> _Dataset content_:
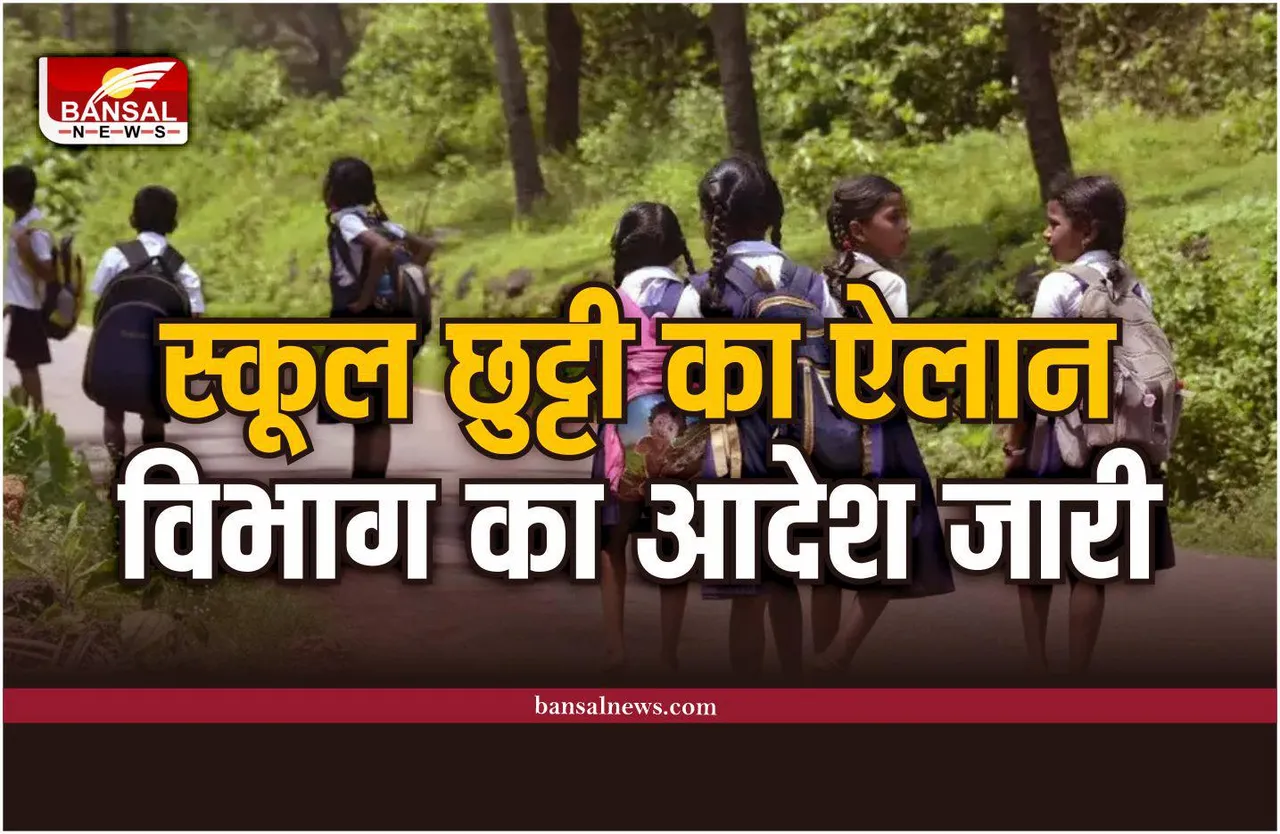 School Closed: स्कूल अवकाश की घोषणा, शिक्षा विभाग का आदेश जारी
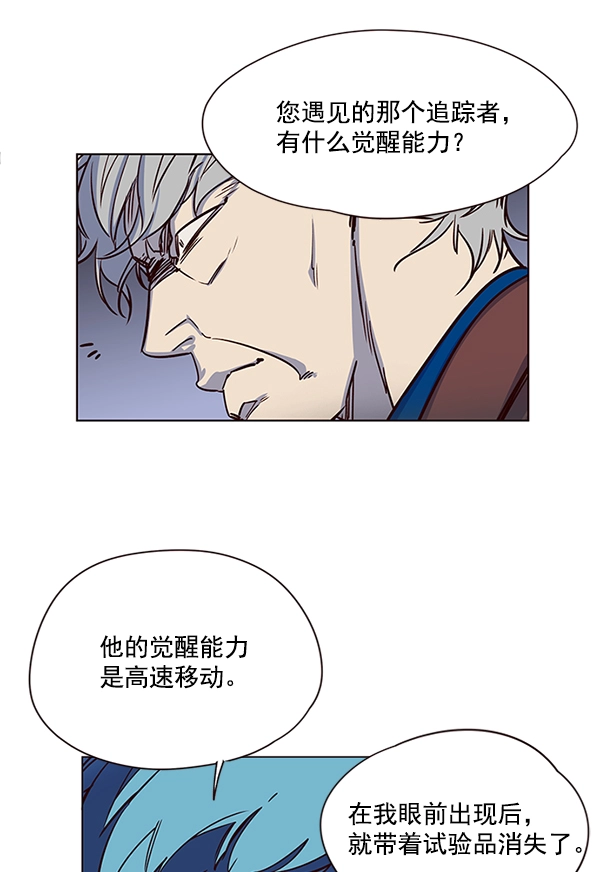 第10话 第87页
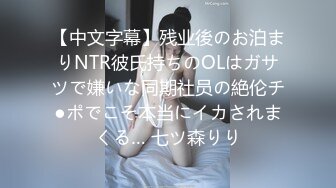 7-31小马寻花第二场_约啪苗条牛仔短裤美女，被干的逼逼生疼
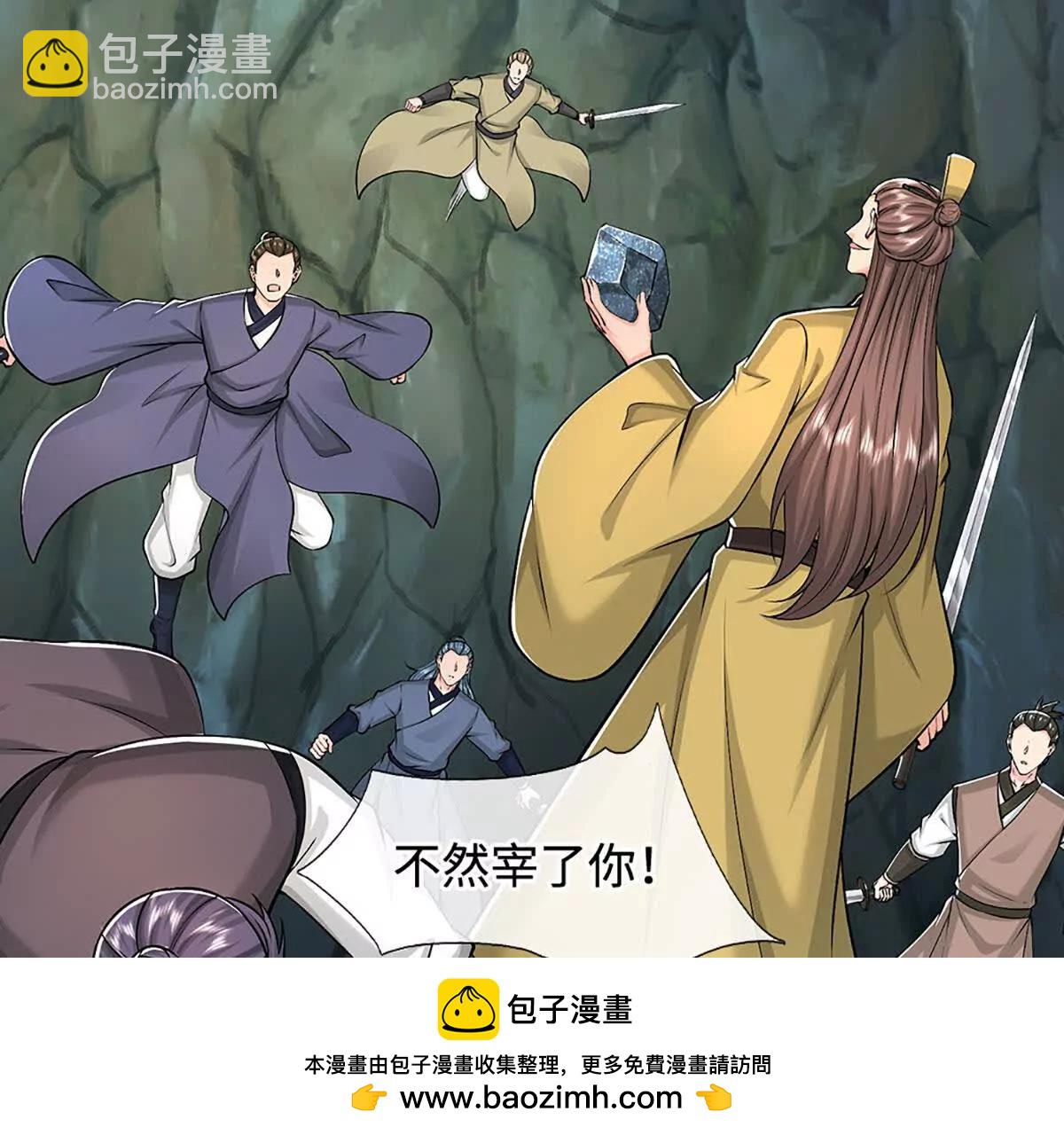 第81话 抢我东西，管你是谁(1/3)-第81话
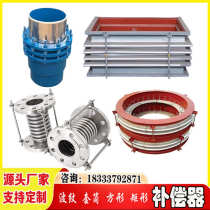 Stainless steel corrugated compensator metal non-metal compensator telescopic expansion joint rectangular circular sleeve compensation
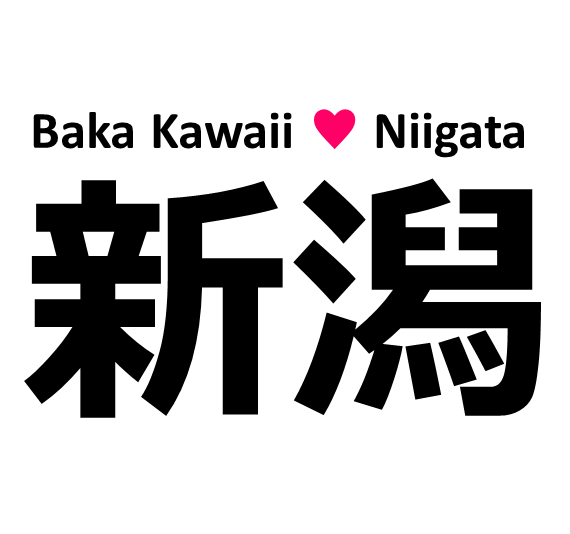 We are students of Niigata JP . Spread all over the world to pop & cute charm of Niigata ! Let's Join our Project!　素敵な新潟フォトと学生仲間を募集中！⇒ http://t.co/4XY8tzXE8f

> _Exercise details_: Retype the records above line for line and exactly, omitting their pictures.

> _Written response_:
 School Closed: स्कूल अवकाश की घोषणा, शिक्षा विभाग का आदेश जारी
 第10话 第87页
 7-31小马寻花第二场_约啪苗条牛仔短裤美女，被干的逼逼生疼
 第81话 抢我东西，管你是谁(1/3)-第81话
 Stainless steel corrugated compensator metal non-metal compensator telescopic expansion joint rectangular circular sleeve compensation
 We are students of Niigata JP . Spread all over the world to pop & cute charm of Niigata ! Let's Join our Project!　素敵な新潟フォトと学生仲間を募集中！⇒ http://t.co/4XY8tzXE8f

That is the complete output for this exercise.